Bug 1728574 (CVE-2018-17146)

Summary: CVE-2018-17146 Nagios-XI: cross-site scripting via 'name' parameter in Account Information page
Product: [Other] Security Response Reporter: Dhananjay Arunesh <darunesh>
Component: vulnerabilityAssignee: Red Hat Product Security <security-response-team>
Status: CLOSED NOTABUG QA Contact:
Severity: medium Docs Contact:
Priority: medium    
Version: unspecifiedCC: affix, athmanem, b.heden, herrold, jose.p.oliveira.oss, lemenkov, redhat, shawn.starr, sisharma, smooge, ssaha, s, swilkerson, vbellur
Target Milestone: ---Keywords: Security
Target Release: ---   
Hardware: All   
OS: Linux   
Whiteboard:
Fixed In Version: nagios 5.5.4 Doc Type: If docs needed, set a value
Doc Text:
Story Points: ---
Clone Of: Environment:
Last Closed: 2019-07-11 19:03:42 UTC Type: ---
Regression: --- Mount Type: ---
Documentation: --- CRM:
Verified Versions: Category: ---
oVirt Team: --- RHEL 7.3 requirements from Atomic Host:
Cloudforms Team: --- Target Upstream Version:
Embargoed:
Bug Depends On: 1728575, 1728576    
Bug Blocks: 1728577    

Description Dhananjay Arunesh 2019-07-10 07:45:31 UTC 
A cross-site scripting vulnerability exists in Nagios XI before 5.5.4 via the 'name' parameter within the Account Information page.
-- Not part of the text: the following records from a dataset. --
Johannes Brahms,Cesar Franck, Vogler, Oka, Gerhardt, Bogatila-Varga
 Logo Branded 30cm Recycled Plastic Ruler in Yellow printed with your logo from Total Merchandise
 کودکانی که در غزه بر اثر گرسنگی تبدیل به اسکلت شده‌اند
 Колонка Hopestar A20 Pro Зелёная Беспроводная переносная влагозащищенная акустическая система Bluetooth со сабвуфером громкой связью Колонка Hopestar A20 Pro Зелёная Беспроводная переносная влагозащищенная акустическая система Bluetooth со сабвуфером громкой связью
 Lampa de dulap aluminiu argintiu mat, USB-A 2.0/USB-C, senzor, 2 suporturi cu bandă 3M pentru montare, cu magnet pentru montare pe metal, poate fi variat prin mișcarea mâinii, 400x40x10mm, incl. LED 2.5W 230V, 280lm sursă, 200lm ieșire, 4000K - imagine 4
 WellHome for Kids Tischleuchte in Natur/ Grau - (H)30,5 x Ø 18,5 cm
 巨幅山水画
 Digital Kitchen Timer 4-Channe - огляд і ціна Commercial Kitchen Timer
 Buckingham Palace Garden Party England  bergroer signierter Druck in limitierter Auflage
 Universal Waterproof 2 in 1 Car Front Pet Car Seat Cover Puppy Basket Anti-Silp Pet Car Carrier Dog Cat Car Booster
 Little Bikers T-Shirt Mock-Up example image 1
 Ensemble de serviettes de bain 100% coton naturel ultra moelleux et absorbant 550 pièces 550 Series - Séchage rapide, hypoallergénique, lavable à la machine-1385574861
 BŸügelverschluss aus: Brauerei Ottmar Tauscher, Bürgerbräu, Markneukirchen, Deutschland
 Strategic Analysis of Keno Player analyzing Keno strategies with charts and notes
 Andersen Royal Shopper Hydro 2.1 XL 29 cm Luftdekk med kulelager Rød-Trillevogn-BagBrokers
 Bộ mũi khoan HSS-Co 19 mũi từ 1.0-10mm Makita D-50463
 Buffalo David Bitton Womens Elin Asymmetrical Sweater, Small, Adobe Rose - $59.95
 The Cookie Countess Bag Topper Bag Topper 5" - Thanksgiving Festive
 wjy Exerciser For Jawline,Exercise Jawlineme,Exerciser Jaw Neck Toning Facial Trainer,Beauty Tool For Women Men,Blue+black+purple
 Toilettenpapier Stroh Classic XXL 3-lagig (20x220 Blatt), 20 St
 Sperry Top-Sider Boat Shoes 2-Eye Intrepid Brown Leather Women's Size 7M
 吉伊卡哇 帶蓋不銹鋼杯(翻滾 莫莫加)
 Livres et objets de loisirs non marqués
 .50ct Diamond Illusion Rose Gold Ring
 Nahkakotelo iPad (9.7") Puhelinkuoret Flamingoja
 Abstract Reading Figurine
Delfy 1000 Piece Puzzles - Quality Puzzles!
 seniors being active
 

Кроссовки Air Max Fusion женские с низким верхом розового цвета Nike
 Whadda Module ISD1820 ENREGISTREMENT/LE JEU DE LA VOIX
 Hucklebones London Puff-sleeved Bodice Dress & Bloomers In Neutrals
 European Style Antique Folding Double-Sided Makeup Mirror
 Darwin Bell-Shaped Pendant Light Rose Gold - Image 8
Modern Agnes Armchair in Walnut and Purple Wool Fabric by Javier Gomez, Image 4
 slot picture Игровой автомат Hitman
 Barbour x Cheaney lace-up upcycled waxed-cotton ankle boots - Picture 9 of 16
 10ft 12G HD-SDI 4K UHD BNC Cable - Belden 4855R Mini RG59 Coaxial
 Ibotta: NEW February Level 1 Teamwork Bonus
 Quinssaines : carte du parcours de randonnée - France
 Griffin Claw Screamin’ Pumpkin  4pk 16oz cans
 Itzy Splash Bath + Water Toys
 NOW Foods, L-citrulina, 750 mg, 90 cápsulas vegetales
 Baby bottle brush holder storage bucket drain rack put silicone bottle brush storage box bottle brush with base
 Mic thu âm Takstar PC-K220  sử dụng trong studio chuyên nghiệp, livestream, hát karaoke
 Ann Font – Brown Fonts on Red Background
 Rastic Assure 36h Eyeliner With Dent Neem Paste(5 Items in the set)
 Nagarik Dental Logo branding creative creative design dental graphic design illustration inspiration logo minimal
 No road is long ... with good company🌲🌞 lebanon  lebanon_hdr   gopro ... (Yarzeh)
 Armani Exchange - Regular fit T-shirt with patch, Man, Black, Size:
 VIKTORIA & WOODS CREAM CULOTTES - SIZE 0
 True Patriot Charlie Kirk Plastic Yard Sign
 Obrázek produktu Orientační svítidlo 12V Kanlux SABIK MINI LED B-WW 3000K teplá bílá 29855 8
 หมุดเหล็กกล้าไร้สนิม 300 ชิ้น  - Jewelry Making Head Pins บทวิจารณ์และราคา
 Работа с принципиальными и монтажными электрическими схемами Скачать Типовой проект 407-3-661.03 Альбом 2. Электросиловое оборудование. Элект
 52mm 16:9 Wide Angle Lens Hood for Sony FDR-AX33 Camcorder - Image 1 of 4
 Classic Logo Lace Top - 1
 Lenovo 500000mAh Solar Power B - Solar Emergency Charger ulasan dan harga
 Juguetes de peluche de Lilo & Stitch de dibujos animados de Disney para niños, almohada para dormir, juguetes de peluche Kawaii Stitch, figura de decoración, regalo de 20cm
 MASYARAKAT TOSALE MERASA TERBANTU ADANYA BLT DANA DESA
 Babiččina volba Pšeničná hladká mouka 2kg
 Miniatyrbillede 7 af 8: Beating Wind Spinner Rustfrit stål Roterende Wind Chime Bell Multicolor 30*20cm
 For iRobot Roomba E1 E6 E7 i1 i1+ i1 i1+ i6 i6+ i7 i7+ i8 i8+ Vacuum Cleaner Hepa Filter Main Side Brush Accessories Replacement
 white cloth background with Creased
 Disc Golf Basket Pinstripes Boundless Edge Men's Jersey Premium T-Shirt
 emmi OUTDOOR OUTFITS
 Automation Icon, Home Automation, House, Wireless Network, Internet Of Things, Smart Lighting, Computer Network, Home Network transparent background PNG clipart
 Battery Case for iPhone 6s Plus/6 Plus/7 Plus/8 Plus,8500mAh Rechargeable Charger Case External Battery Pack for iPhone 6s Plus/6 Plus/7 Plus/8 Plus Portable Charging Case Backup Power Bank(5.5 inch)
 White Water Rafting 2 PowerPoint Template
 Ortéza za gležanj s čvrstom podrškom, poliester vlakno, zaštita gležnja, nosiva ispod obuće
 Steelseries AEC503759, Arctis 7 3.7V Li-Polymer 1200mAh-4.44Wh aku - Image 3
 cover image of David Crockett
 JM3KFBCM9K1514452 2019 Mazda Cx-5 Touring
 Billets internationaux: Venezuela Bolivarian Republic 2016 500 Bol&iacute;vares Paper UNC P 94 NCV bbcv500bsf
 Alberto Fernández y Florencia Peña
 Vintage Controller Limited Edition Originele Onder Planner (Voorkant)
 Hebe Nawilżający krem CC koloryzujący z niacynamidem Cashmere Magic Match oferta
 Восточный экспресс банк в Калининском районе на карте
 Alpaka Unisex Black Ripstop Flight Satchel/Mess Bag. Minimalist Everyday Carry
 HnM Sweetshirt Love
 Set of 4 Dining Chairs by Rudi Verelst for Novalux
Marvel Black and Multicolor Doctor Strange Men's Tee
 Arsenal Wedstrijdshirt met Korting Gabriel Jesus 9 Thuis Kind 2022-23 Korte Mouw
Exploitation of this vulnerability allows an attacker to execute arbitrary JavaScript code within the auto login admin management page.

Reference:
https://assets.nagios.com/downloads/nagiosxi/CHANGES-5.TXT
Comment 1 Dhananjay Arunesh 2019-07-10 07:46:29 UTC 
Created nagios tracking bugs for this issue:

Affects: epel-all [bug 1728576]
Affects: fedora-all [bug 1728575]
Comment 2 Scott Wilkerson 2019-07-11 19:03:42 UTC 
This was for Nagios XI not nagios core.

Nagios XI is not distributed via epel, fedora or anything you have created all these bug for.
Comment 3 Hardik Vyas 2019-07-12 07:10:34 UTC 
Latest upstream release shipped for Nagios core is 4.4.3(and the flaw says fixed in 5.5.4 i.e for Nagios XI), XI[1] is a commercial thing with is not included in any Red Hat offerings.

Closing out fedora and epel trackers as NOTABUG.

[1] https://www.nagios.com/products/nagios-xi/
Comment 4 Hardik Vyas 2019-07-12 07:10:36 UTC 
Statement:

This issue did not affect Red Hat Gluster Storage 3 as it does not ship Nagios XI.